There was a lot of over-optimism when the new government came to power, but that hasn’t resulted into sales growth, says Dilip G Piramal, chairman, VIP Industries.
In an interview to CNBC-TV18, Piramal says the consumer demand hasn’t been in sync with expectations and hence the company has had to downgrade FY15 sales guidance to 7.5 percent from 10-12 percent.
Also read: VIP Industries Q3 profit falls 15.3% to Rs 8.5 cr
Furthermore, Piramal adds the company is continuing to spend a lot on brand building as it has recently started promoting two new brands- Caprese and Carlton.Below is the verbatim transcript of Dilip G Piramal’s interview with Ekta Batra & Anuj Singhal on CNBC-TV18.
Anuj: You had guided for a revenue growth for 10-12 percent for full year 2015 but 9 months sales have only grown up at about 7.5 percent. Would you be revising your full year guidance now?
A: I would say it is revised because this is a general state of the Indian industry. This year particularly consumer goods, the sales growth has not been as good as what we were planning initially. We are still waiting for things to take off. In the beginning there was a little bit of over optimism with the formation of the new government and the consumer demand has not been all that breadth.
Ekta: What would you revise it to then?
A: The same what we have been doing so far it will be in that region. Because anyway 9 months are over so there is not too much time remaining. I would like to say that, generally the feeling is that things should be better next year.
Anuj: Any guidance for next year?
A: No, at this moment I will keep quite.
Ekta: What is on your wish list from the Finance Minister for the upcoming Budget for your industry?
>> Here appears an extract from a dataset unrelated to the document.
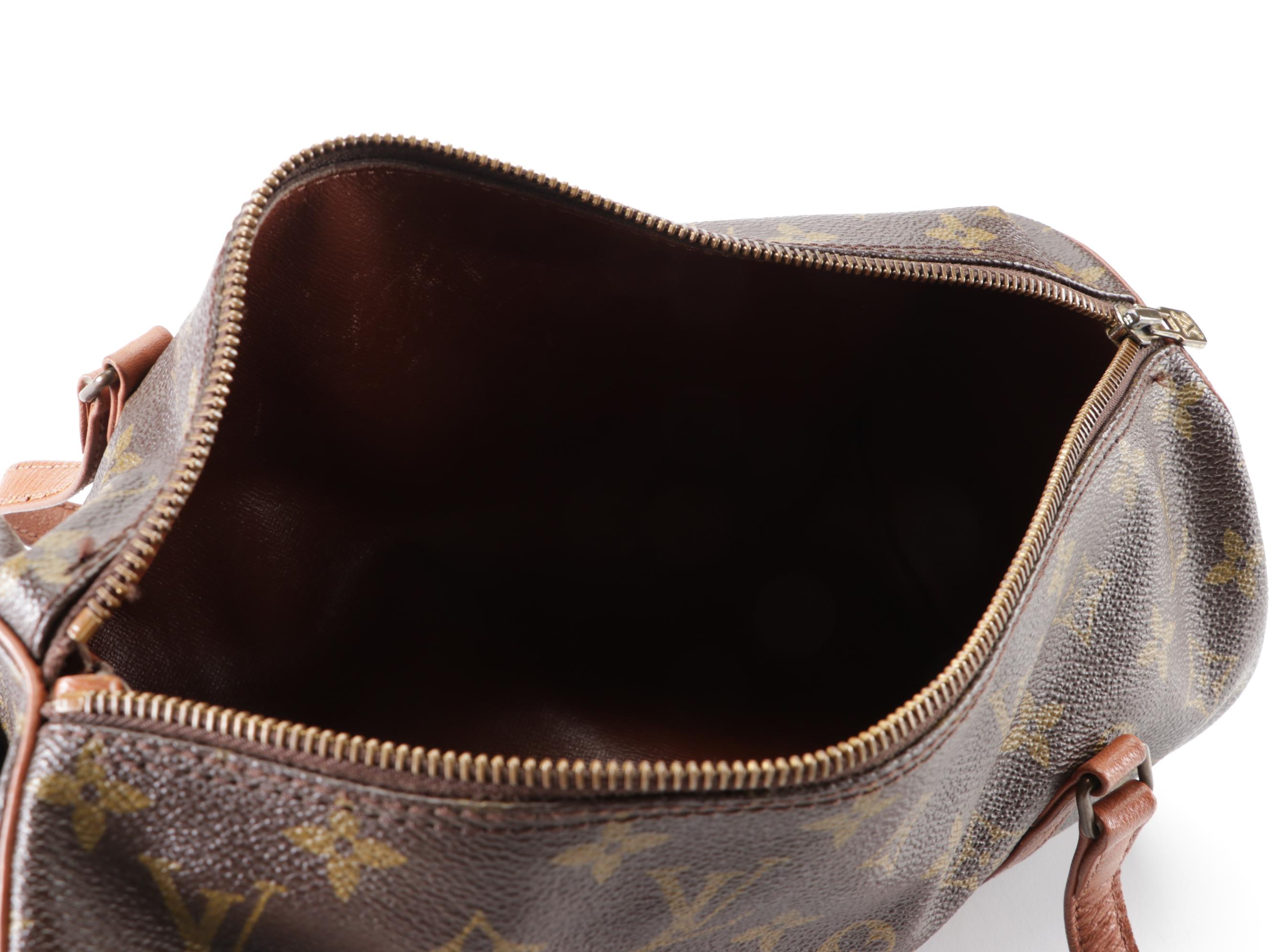 Louis Vuitton Papillon 30 in Monogram Canvas and Brown Leather with Pochette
A: The most important thing for us and for the country as far as the Budget goes is the goods and service tax (GST). The implementation of the GST because that will be a really path breaking event and that has a very strong impact on the economy. Otherwise I would say that the general economic steps that the government is doing to revive the economy particularly by improving the infrastructure is very good and those things take a little bit of time I understand that. It is not something very like tax rates and all which you can change in a minute. However, restoring all the infrastructure projects which have been stalled very badly in the last five years is the good priority and like the coal allocation has been so good and it has been so transparent. We need more than the policies it is the implementation of projects and policy in our country that has been lacked.
Anuj: Your margins have come off over time in the last quarter also any particular reason for that?
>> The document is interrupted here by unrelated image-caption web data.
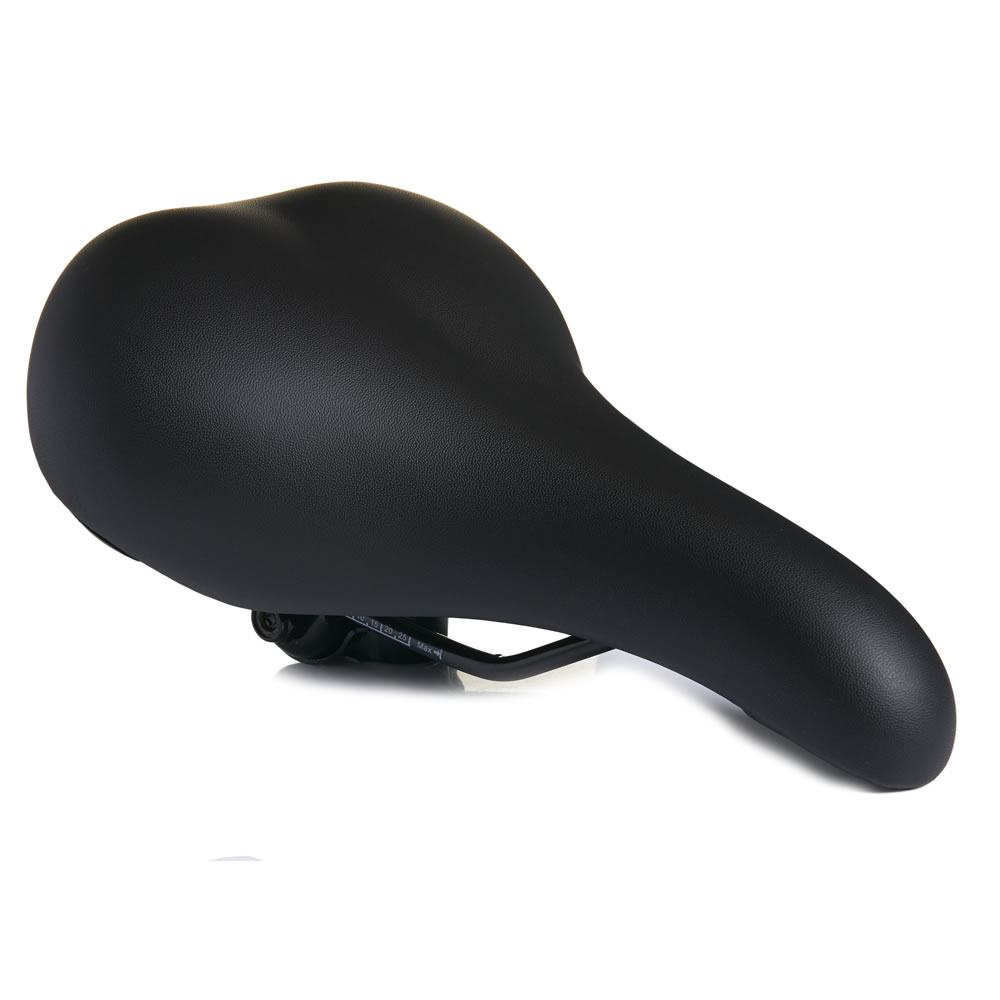 Wilko Black Comfort Gel Bike Saddle Image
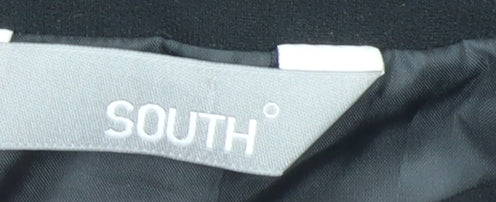South Womens Black Knee Length Trumpet Skirt Size 10
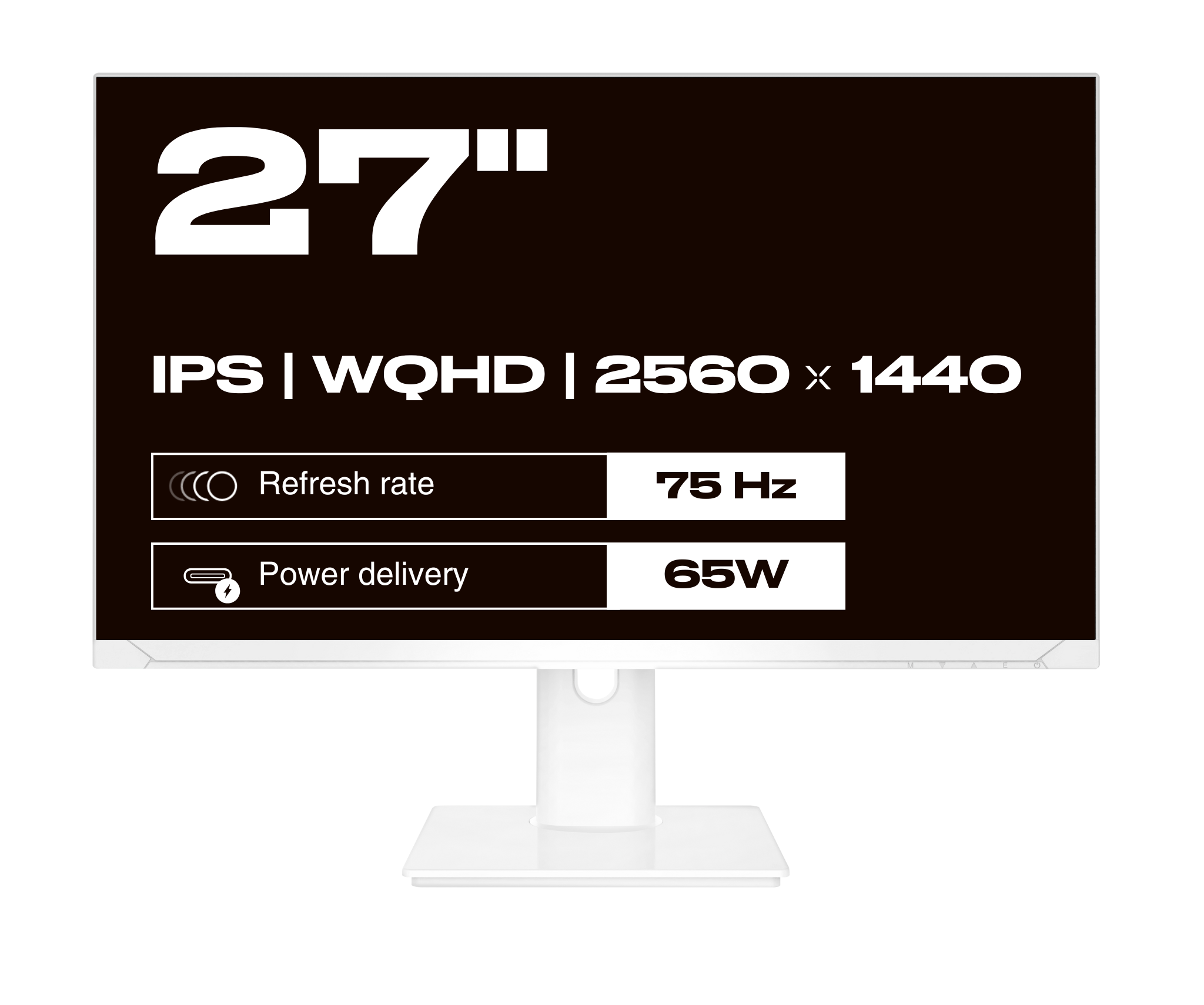 Schermo da ufficio | 27" | WQHD | Bianco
A: As it is our margins are quite low. For the last two years ever since the rupee has depreciated considerably our margins have remained quite low. In this last quarter what happened is that we had a lot of advertising. We are promoting two new brands that is Carlton and Caprese are handbag brand.
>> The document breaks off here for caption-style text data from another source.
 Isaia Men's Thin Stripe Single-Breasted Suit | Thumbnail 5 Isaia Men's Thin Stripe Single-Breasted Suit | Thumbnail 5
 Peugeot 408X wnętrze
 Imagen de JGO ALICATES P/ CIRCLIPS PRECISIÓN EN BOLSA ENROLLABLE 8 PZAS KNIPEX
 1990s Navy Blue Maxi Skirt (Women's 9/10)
At this time the brand-building is an expensive process because the advertising is much higher than our normal advertising proportion. Advertising is nearly 30 percent of the sales. The sales are very low because these are virtually new brands. In this last quarter we advertised all our brands VIP, Skybags, Carlton and Caprese. We had an about Rs 10 crore extra expenditure and on our normal profit of Rs 15 crore in this quarter Rs 10 crore is very large. For the long run we have to make this investment.
Ekta: What is your outlook on ads spends going forward? Would you sustain them at these levels or may be increase?
A: Our percentage will remain about 5-6 percent of our sales. We would like to maintain that, it could go up little bit because of these new brands. Overall in the luggage segment our ratio is about 6 percent.